== Problem ==
All of the data, word for word and free of pictures, is the expected result.

== Material provided ==
────
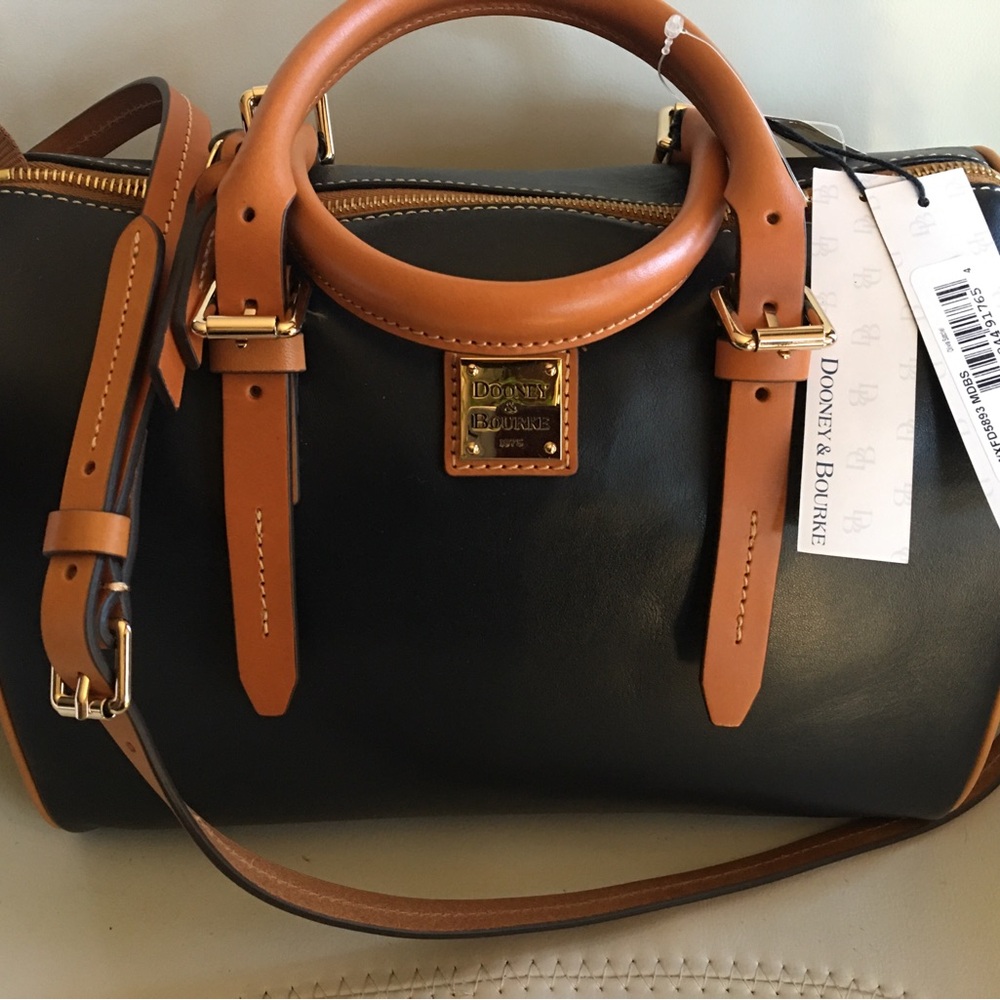 Dooney & Bourke Midnight Blue and Tan Handbag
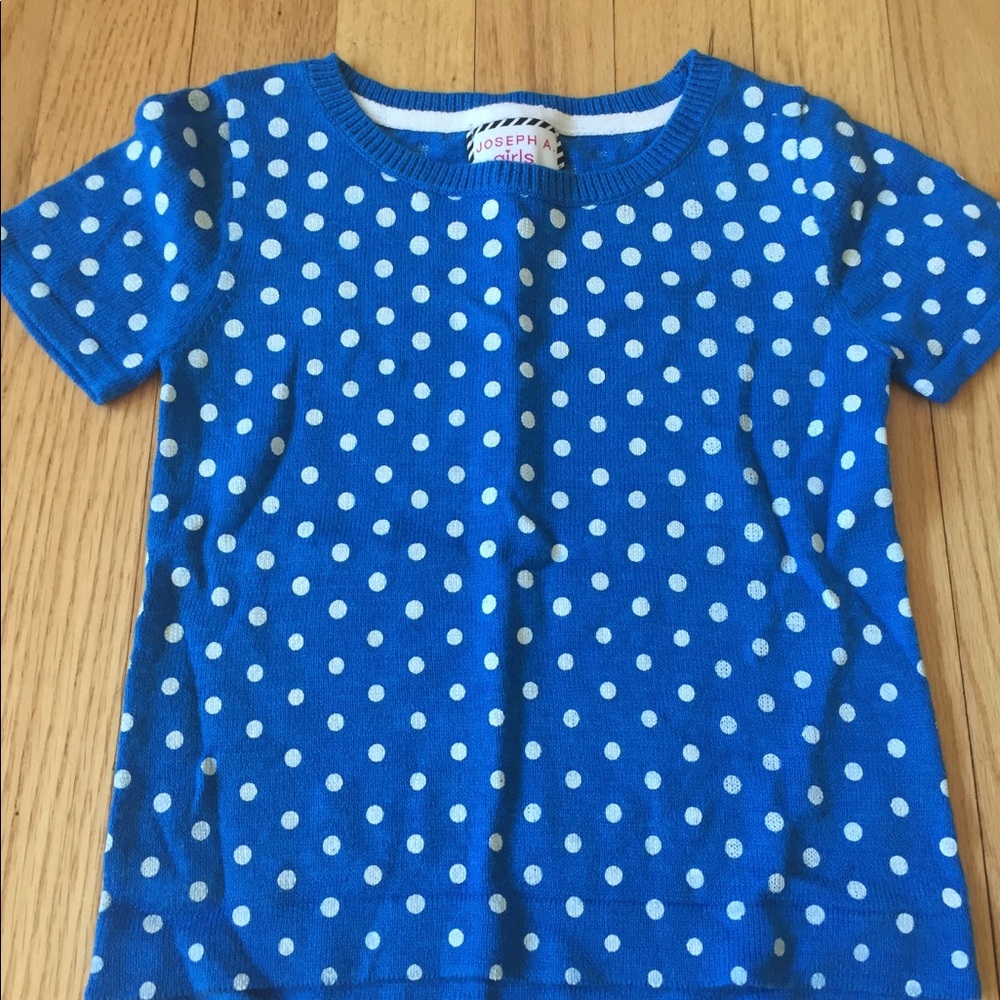 Joseph A Girls 3T SS polka dotted sweater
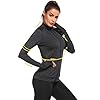 Pinspark Lightweight Workout Jacket for Women Full Zip Slim Fit Athletic Running Jacket with Thumb Holes Zipper Pockets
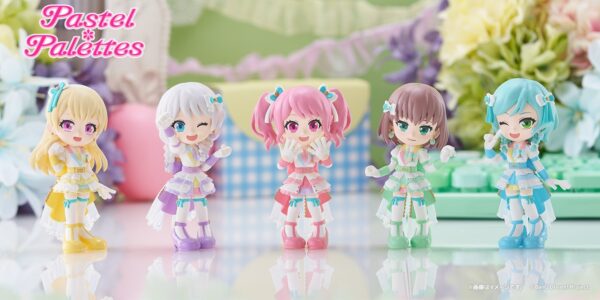 PalVerse BanG Dream! Pastel＊Palettesのフィギュア5体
────
== Written response ==
 Dooney & Bourke Midnight Blue and Tan Handbag
 Joseph A Girls 3T SS polka dotted sweater
 Pinspark Lightweight Workout Jacket for Women Full Zip Slim Fit Athletic Running Jacket with Thumb Holes Zipper Pockets
 PalVerse BanG Dream! Pastel＊Palettesのフィギュア5体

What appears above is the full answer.